Yes, my instructor was the best part of the class. He was a genius at figuring out why the parts I was machining wouldn't fit together, screw down to the bottom of blind holes, etc. He'd give the situation a look, put some magic marker on the threads or sides, look at it again, take a slight cut here and there, and suddenly the parts would go together like an animated cartoon. That kind of stuff can't be taught as a part of a regular course curriculum; you have to have the occasion to generate the problem and then the opportunity to watch how people fix it. This, of course, is what apprenticeships were about.

Blackwater,

There is the classic story of the Chinese worker who'd sit down with a file in hand and a piece of railroad track between his feet and have a copy of a Mauser pistol frame when he stood up. Anything in the shoulder-fired gun line that can be done by machine can be done by hand tools; the museums are full of guns from the eighteenth century and earlier made this way. The workmanship is as good as anything that is done today, although the parts aren't interchangeable and the mechanisms are less sophisticated than today's. But I wonder if that level of skill with such tools exists any more. If I only had files and chisels to work with, I personally would forget the casting sets and buy something ready made.

It really is amazing to me to think that all of the technology of the Industrial Revolution up to maybe the end of WWI can be duplicated in the home shop of today.
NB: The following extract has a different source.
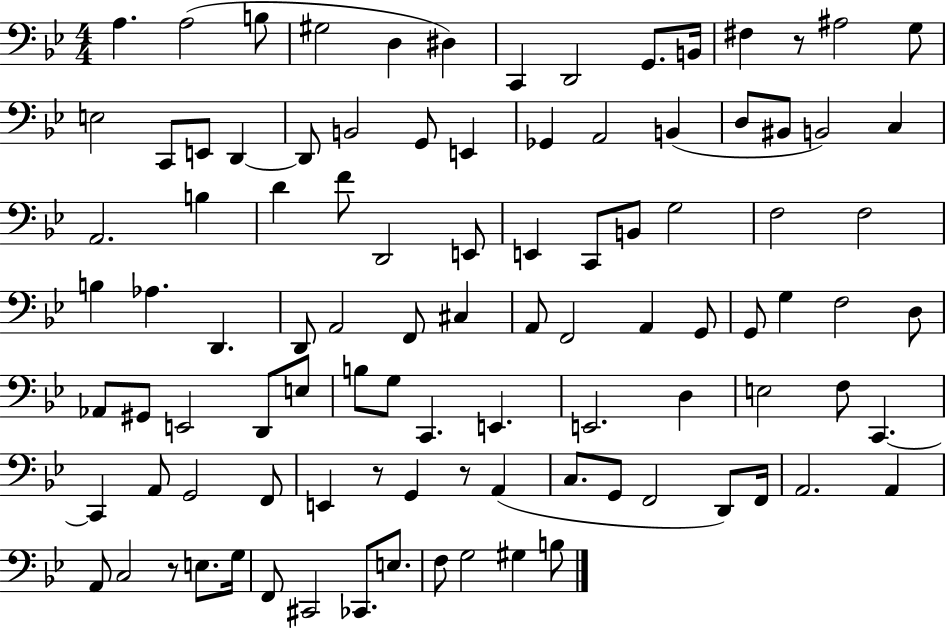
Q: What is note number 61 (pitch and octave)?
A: B3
There are founders, forgers (not that kind), machinists and benchworkers who just do it for fun that could probably have been inside contractors or shop foremen at any nineteenth-century factory.

Blackwater
01-28-2006, 12:13 AM
Yeah, I understand. I'd love to have the machinery, particularly a lathe, but don't. The main reason I asked about the hand tools is my 'smith, who went to Ackley's school way back when, has spoken several times of how Ackley'd take a part he'd just made, examine it, and then look up at him and tell him to go back and make one using only hand tools. Jack's a pretty proud guy, and I suspect that some of Ackley's instructions were to benefit his ego as much as his talent, though he's got plenty of talent, too. He's not really as cocky as he sometimes pretends to be, and when he's doing really good work, you can see real humility in him, and a deep appreciation for work well done.

About those old guns, muzzleloaders in particular, I think they're some of the finest examples of work a man could find. I just fell in love with them way back during a visit to the Smithsonian. Amazing work!

I envy you guys with the machines, I really do, but just wondered if it wouldn't be possible to make one "the VERY old-fashioned way," or at least much of it anyway. Thanks, but if you guys talk me into getting a whole tool shop ..... ???? ;^)

Bent Ramrod
01-28-2006, 04:12 AM
Blackwater,

It certainly isn't impossible to do the job with hand tools. I read that the Browning Bros made the patent model for John's single shot rifle by forging, chiseling and filing metal. An English gun factory is (or at least was) supposedly a big bench with files and breast drills, a handful of old men and a crowd of young apprentices. You'd probably need some big drills and taps for things like barrel threads, and a lot of lamp black or Dykem for spotting in, but most of the rest of the stuff would probably be the standard stuff on the average workbench: files, chisels, small taps and dies, etc.

Machinery is a big expense, but some of the smaller stuff at Harbor Freight or Enco is no more expensive than a new rifle with scope and a certain amount of ingenuity and a lot of patience can go a long way in getting this machinery to do accurate work for you. If you can't buy any machinery now, I would definitely suggest checking out the junior colleges in your area for manual trades courses. You can use the machine tools there on the casting set and see whether the work is interesting enough for a long term investment of your own.